[Exercise brief]:
Beginning with the line that holds "In this video, we'll", copy each line exactly through the end of the entries, but leave the pictures out.

[Data to use]:
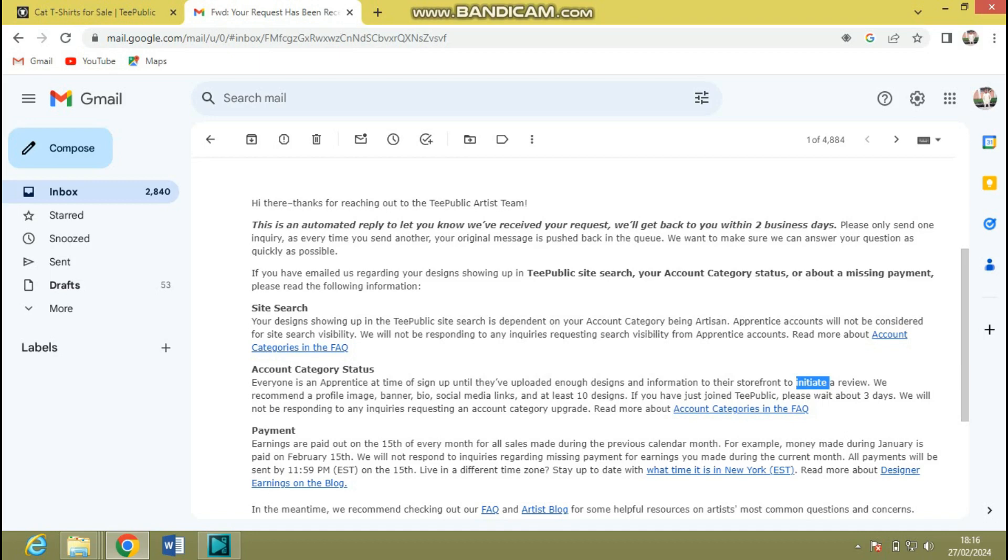They are just going to keep observing you kind of in incognito mode. They say we recommend a profile image banner, bio, social media links, and at least 10 designs. If you have just joined TeePublic, please wait about three days. They will not be responding to any inquiries requesting account category upgrade.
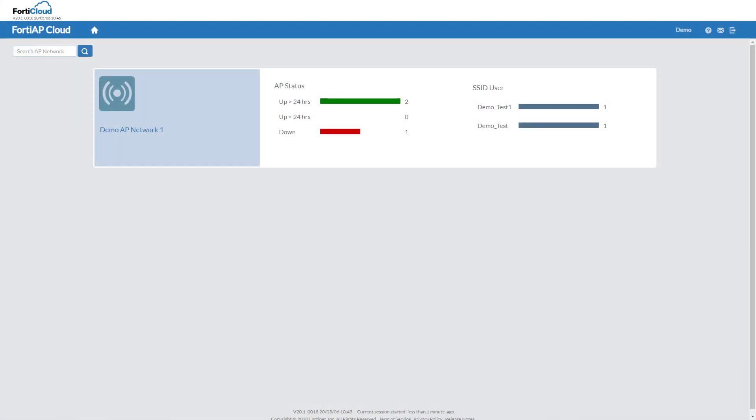When I log into FortiAP Cloud, I can see the top-level sites that I have already set up in the system. Clicking on one will bring up the management dashboard for that site.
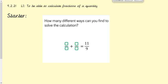Hi everyone and welcome to Tuesday's maths lesson on fractions. Before we go into today's learning, can you have a quick go at the starter on the video for me please, and then we'll go through it afterwards.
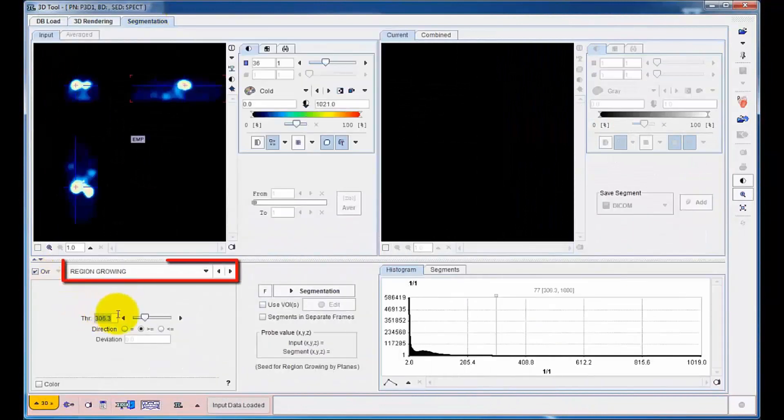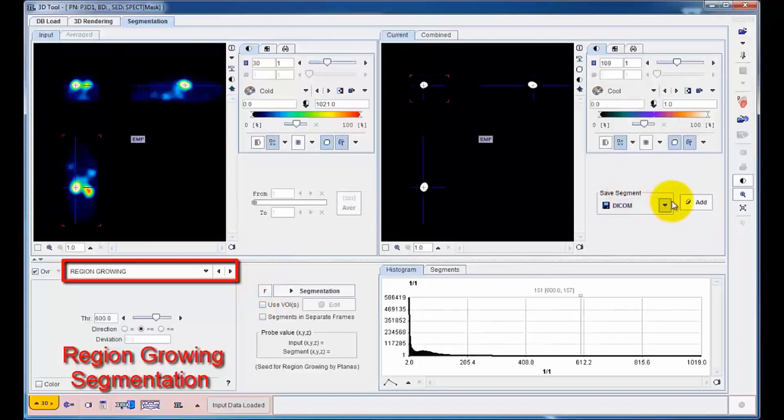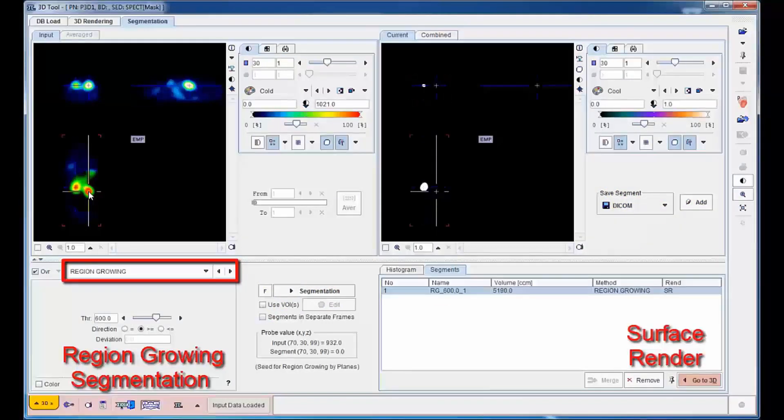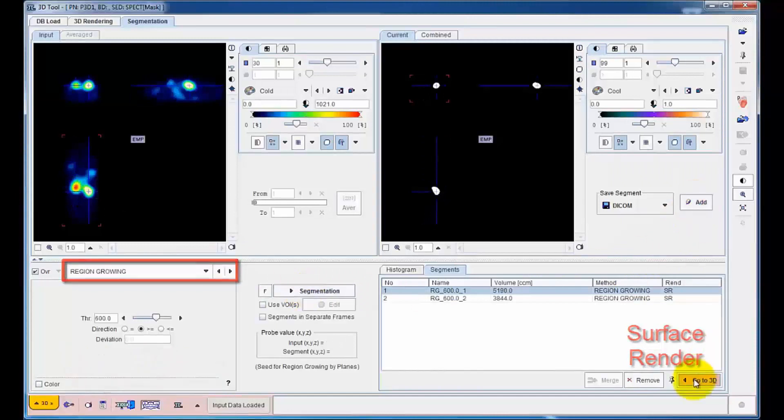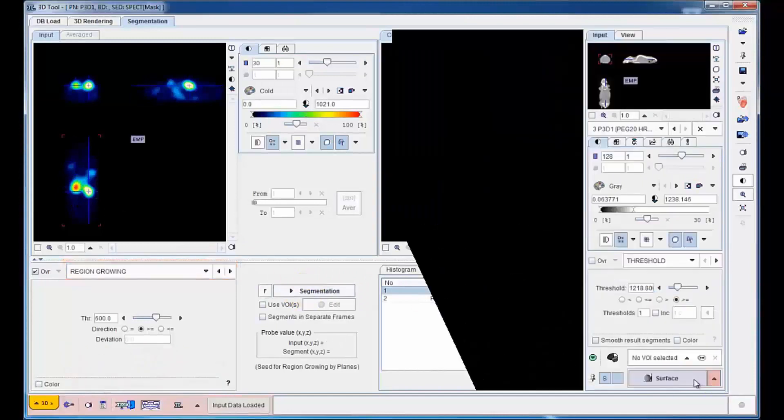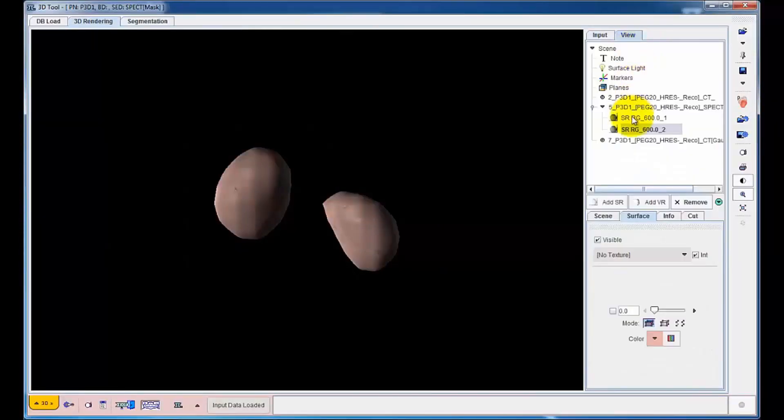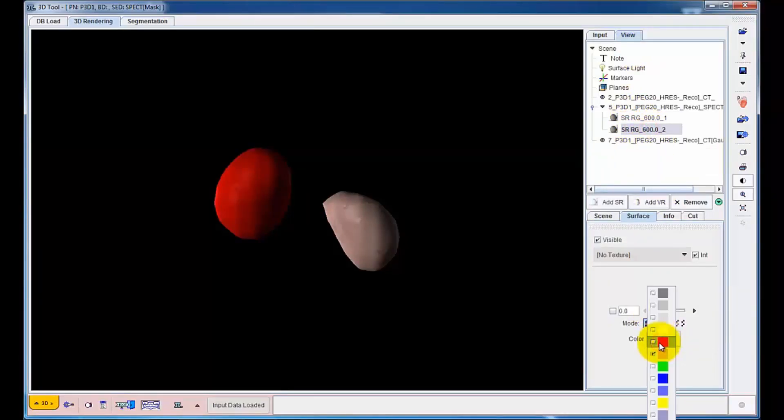All objects rendered in 3D are the result of a segmentation operation. To isolate the kidneys, a region growing segmentation is applied to the corresponding hot spots in the SPECT image. The detected boundaries are then surface rendered and coloured.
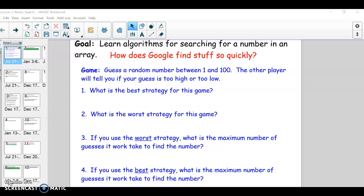All right, hello. We are going to continue our study of arrays, and now we're going to search for a number in an array. These are called searching algorithms, and there's sort of two of them that'll be on the AP test, potentially.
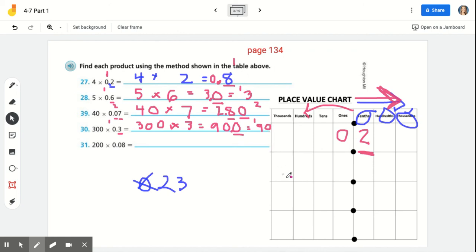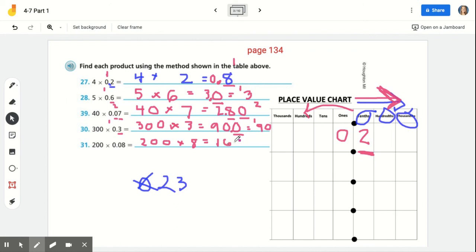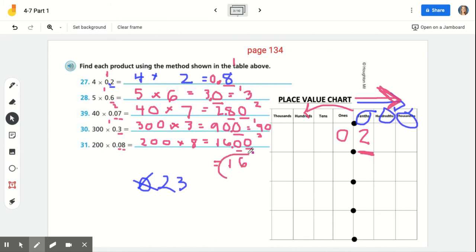Thanks for following along. Last one — number 31: 200 times eight-hundredths. Can you solve it? Go ahead and try it. First step: ignore the decimal and multiply 200 times 8. 200 times 8 is 16, plus two zeros gives us 1,600. Now add in the decimals. How many decimal place values were there in the factors? Two — eight-hundredths has two decimal places. Starting from the right, underline one, two digits. Add in our decimal — and we get 16 and zero-hundredths, or just 16 for number 31.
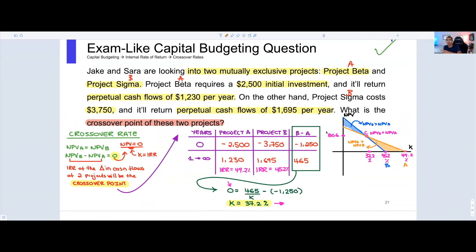That's really all the tools you need on an exam to solve any crossover rate question. Use the incremental cash flow method to find the difference between project cash flows, set the NPV of that difference to zero, solve for the IRR of the incremental cash flows to get the crossover point, then plot both projects' IRRs along with the crossover point to display the full relationship.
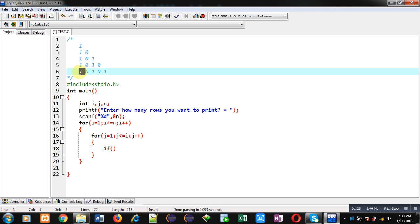If we take the example of this fifth row, you can see all odd positions one, three, and five are one, and even positions two and four are zeros.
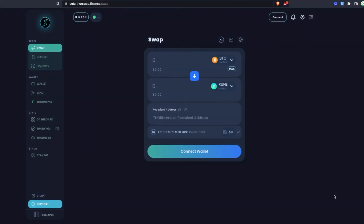The THORSwap aggregator has just launched, bringing more than 4,800 ERC20 Ethereum tokens to THORSwap. This means we now have access to swap all of those ERC20 tokens with the native assets already integrated into THORChain, such as native Bitcoin, native Litecoin, Atom, DOGE, BNB, Bitcoin Cash, and THORChain RUNE. As you've come to expect from THORSwap, this is all done in a totally non-custodial way using your own self-custodied wallets.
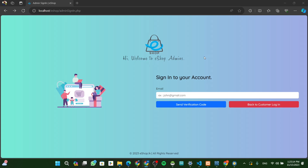In this video, we will be using the Admin Sign-in page to design the Admin Sign-in page.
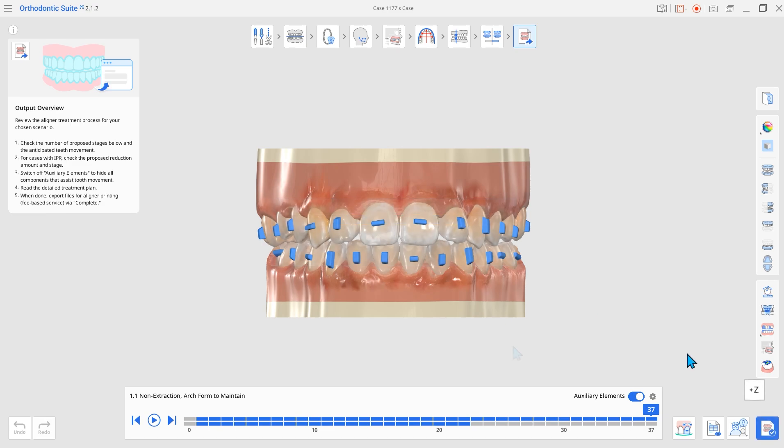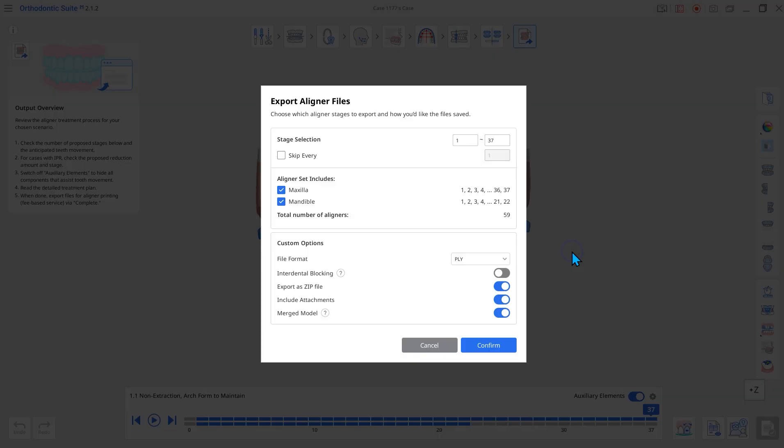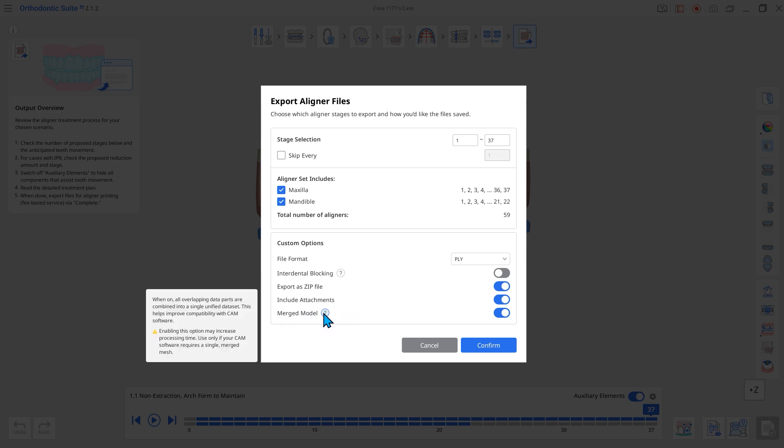Fourth, a new option for merging the model has been added. In export aligner files, you can select the merged model option. This combines all overlapping meshes into a single unified model, improving compatibility with various CAD software.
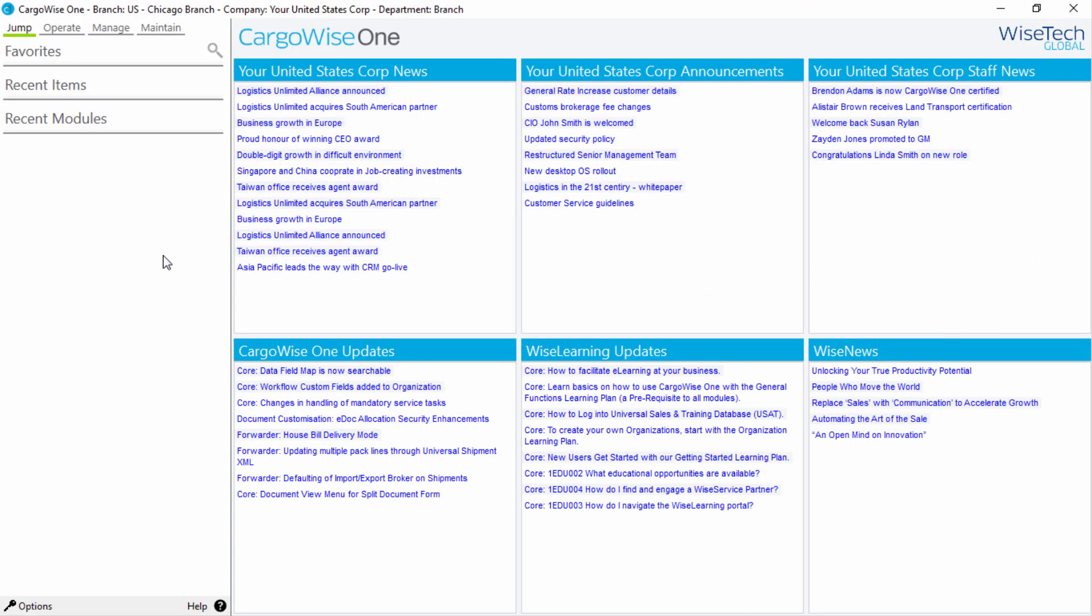In this video, we'll be looking at the information portal and also how to navigate in CargoWise 1. When you log into CargoWise 1, you'll be presented with the information portal and the jump menu. We'll begin by looking at the information portal. This content-rich portal is divided into sections.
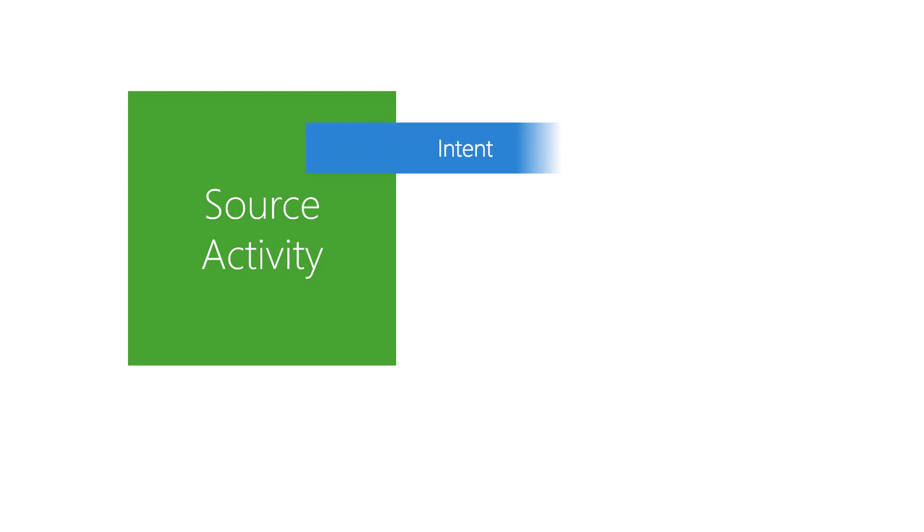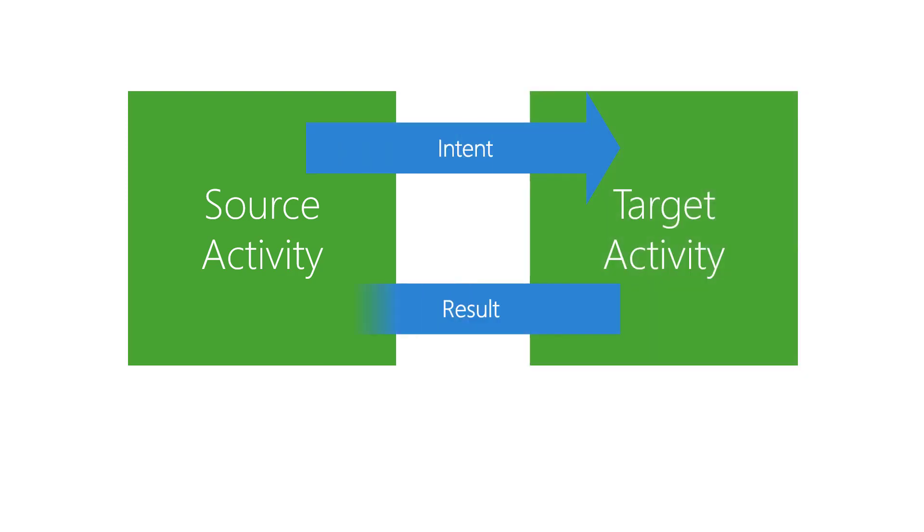You can think of these activities that return data as roughly analogous to a method, in the sense that it does work for you. You invoke it and pass arguments.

[Exercise solution]:
In this video, we'll be looking at the information portal and also how to navigate in CargoWise 1. When you log into CargoWise 1, you'll be presented with the information portal and the jump menu. We'll begin by looking at the information portal. This content-rich portal is divided into sections.
You can think of these activities that return data as roughly analogous to a method, in the sense that it does work for you. You invoke it and pass arguments.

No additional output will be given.